Exercise data
____________________

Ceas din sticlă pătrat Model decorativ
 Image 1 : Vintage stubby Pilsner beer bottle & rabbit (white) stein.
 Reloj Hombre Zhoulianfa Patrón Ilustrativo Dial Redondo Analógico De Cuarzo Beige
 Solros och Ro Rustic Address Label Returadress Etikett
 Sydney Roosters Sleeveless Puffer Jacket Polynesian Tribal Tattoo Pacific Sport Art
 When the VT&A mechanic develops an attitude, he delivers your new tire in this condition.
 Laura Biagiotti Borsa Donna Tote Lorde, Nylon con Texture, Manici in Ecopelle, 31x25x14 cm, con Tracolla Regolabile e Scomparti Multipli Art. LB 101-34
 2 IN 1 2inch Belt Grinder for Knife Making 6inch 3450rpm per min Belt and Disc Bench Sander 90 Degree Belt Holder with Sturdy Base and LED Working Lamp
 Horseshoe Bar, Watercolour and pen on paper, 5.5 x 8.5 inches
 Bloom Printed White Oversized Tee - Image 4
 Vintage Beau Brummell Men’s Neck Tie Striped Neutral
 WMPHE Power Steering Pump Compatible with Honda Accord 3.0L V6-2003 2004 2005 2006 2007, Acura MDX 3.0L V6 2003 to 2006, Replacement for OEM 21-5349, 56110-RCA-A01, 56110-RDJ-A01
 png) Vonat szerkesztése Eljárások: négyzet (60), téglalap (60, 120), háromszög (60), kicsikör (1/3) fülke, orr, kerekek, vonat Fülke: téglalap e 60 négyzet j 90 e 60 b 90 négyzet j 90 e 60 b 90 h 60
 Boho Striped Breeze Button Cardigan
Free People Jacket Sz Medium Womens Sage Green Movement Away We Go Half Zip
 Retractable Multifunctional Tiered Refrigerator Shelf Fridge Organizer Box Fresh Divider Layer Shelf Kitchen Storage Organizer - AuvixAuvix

____________________

Activity
Print the records above exactly as they appear.

Result for this exercise
Ceas din sticlă pătrat Model decorativ
 Image 1 : Vintage stubby Pilsner beer bottle & rabbit (white) stein.
 Reloj Hombre Zhoulianfa Patrón Ilustrativo Dial Redondo Analógico De Cuarzo Beige
 Solros och Ro Rustic Address Label Returadress Etikett
 Sydney Roosters Sleeveless Puffer Jacket Polynesian Tribal Tattoo Pacific Sport Art
 When the VT&A mechanic develops an attitude, he delivers your new tire in this condition.
 Laura Biagiotti Borsa Donna Tote Lorde, Nylon con Texture, Manici in Ecopelle, 31x25x14 cm, con Tracolla Regolabile e Scomparti Multipli Art. LB 101-34
 2 IN 1 2inch Belt Grinder for Knife Making 6inch 3450rpm per min Belt and Disc Bench Sander 90 Degree Belt Holder with Sturdy Base and LED Working Lamp
 Horseshoe Bar, Watercolour and pen on paper, 5.5 x 8.5 inches
 Bloom Printed White Oversized Tee - Image 4
 Vintage Beau Brummell Men’s Neck Tie Striped Neutral
 WMPHE Power Steering Pump Compatible with Honda Accord 3.0L V6-2003 2004 2005 2006 2007, Acura MDX 3.0L V6 2003 to 2006, Replacement for OEM 21-5349, 56110-RCA-A01, 56110-RDJ-A01
 png) Vonat szerkesztése Eljárások: négyzet (60), téglalap (60, 120), háromszög (60), kicsikör (1/3) fülke, orr, kerekek, vonat Fülke: téglalap e 60 négyzet j 90 e 60 b 90 négyzet j 90 e 60 b 90 h 60
 Boho Striped Breeze Button Cardigan
Free People Jacket Sz Medium Womens Sage Green Movement Away We Go Half Zip
 Retractable Multifunctional Tiered Refrigerator Shelf Fridge Organizer Box Fresh Divider Layer Shelf Kitchen Storage Organizer - AuvixAuvix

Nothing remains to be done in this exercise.